• What this task involves: Set down the lines that begin at the top of the records and end with the line containing "فازة رادينس أوف بينك كازبلانكا", and drop every picture.

• Raw data:
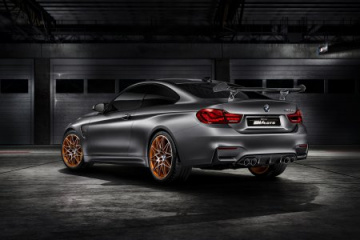 Спортивному подразделению BMW поручили возродить 8-Series BMW Концепт Все концепты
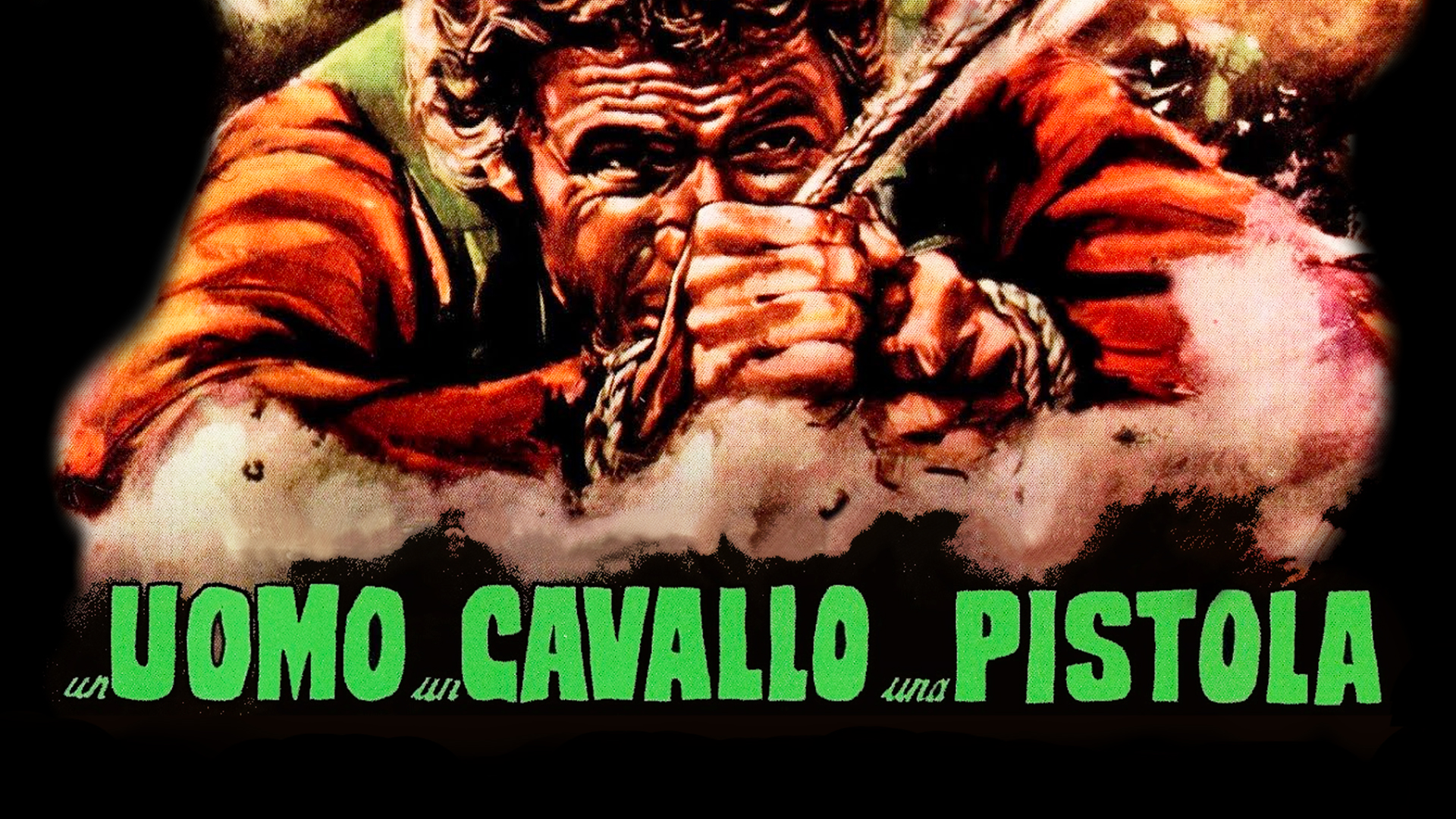 Un uomo, un cavallo, una pistola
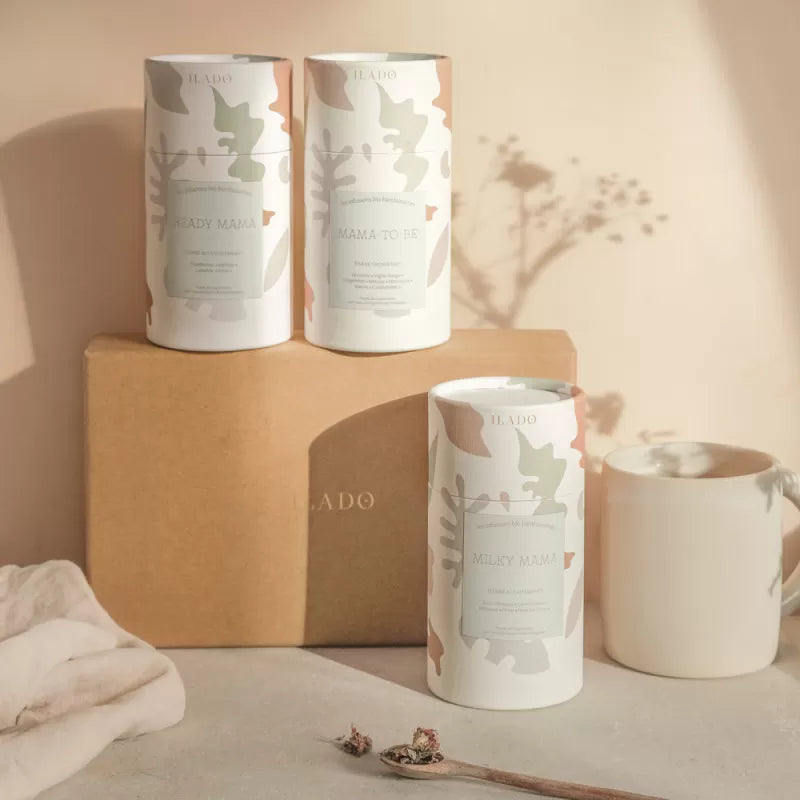 Milky Mama Organic herbal tea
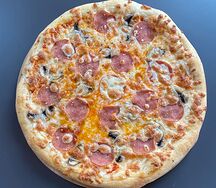 Ветчина Грибы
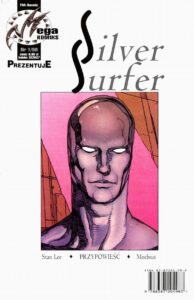 Mega Komiks #02 (2/1999): Silver Surfer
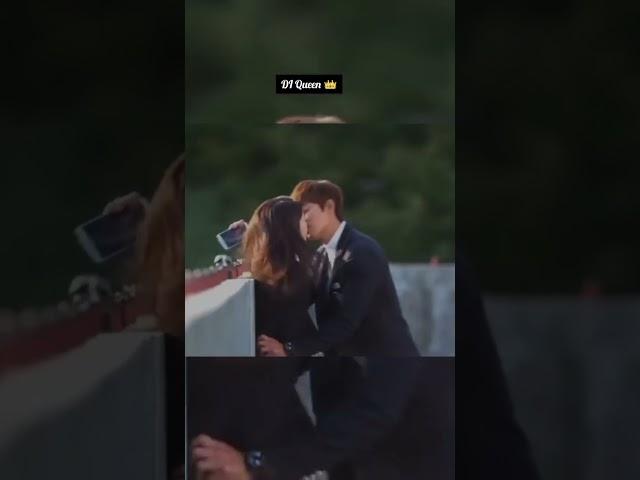 Kissing Scene/#K-Drama Heirs#shorts #youtubeshorts #ytshortsvideo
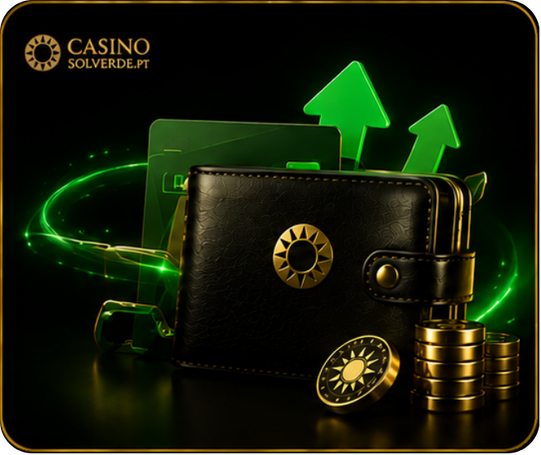Bónus do Casino Solverde Portugal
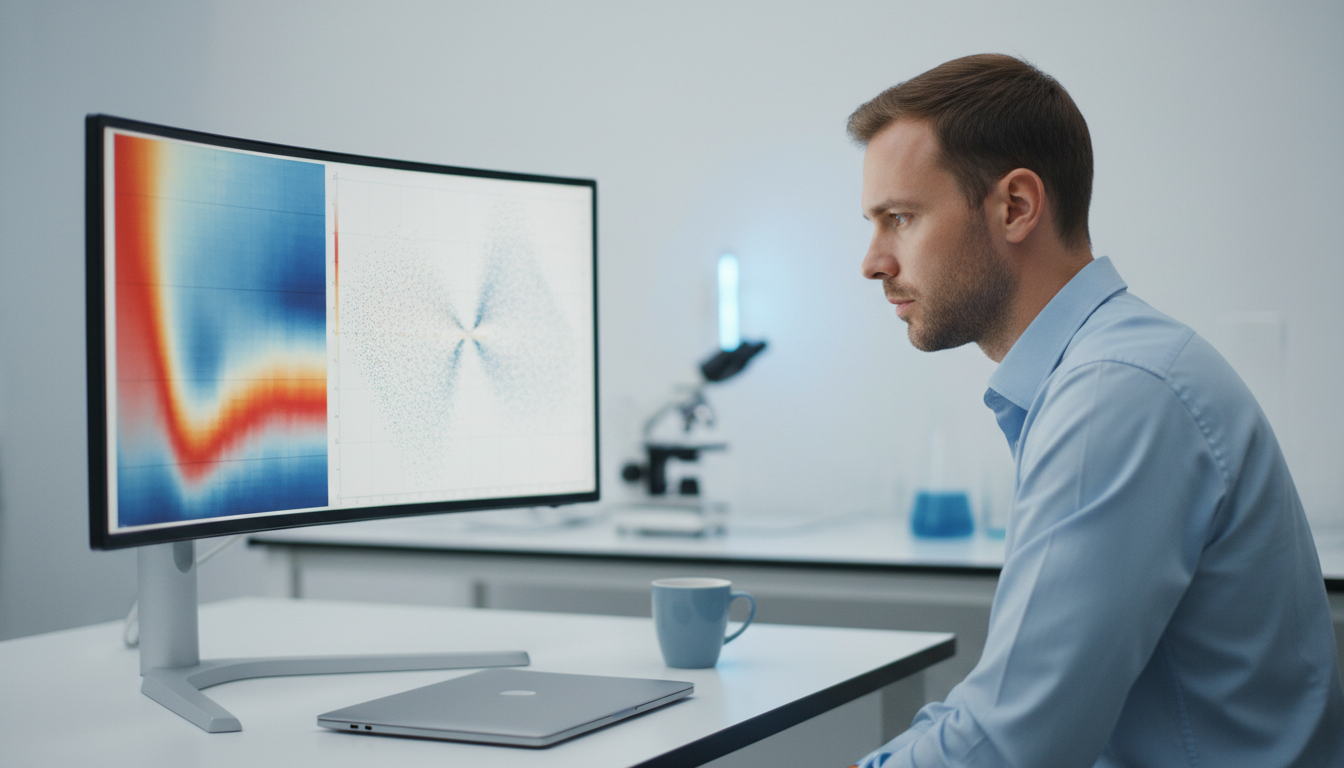 Bioinformatics: analysis of omics data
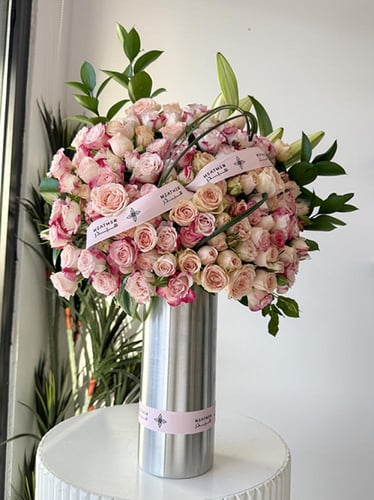 فازة رادينس أوف بينك كازبلانكا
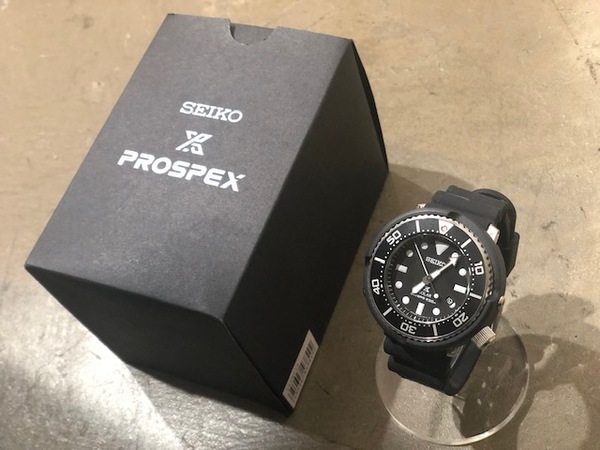 世界3000本限定!【SEIKO PROSPEX /セイコープロスペックス】DIVERSCUBA ...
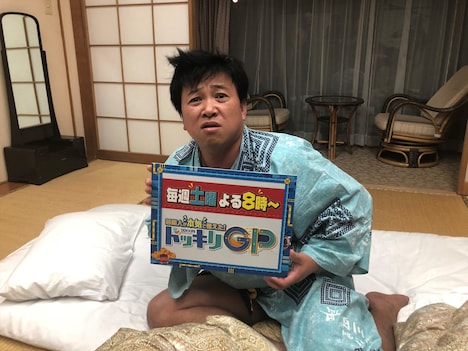 スギちゃん (c)フジテレビ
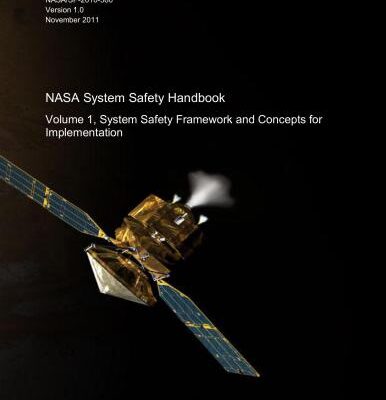 خرید و دانلود نسخه کامل کتاب NASA/SP-2010-580 Version 1.0. NASA System Safety Handbook. Volume 1, System Safety Framework and Concepts for Implementation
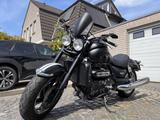 Triumph Rocket III Roadster - Garagenfahrzeug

• Response:
 Спортивному подразделению BMW поручили возродить 8-Series BMW Концепт Все концепты
 Un uomo, un cavallo, una pistola
 Milky Mama Organic herbal tea
 Ветчина Грибы
 Mega Komiks #02 (2/1999): Silver Surfer
 Kissing Scene/#K-Drama Heirs#shorts #youtubeshorts #ytshortsvideo
Bónus do Casino Solverde Portugal
 Bioinformatics: analysis of omics data
 فازة رادينس أوف بينك كازبلانكا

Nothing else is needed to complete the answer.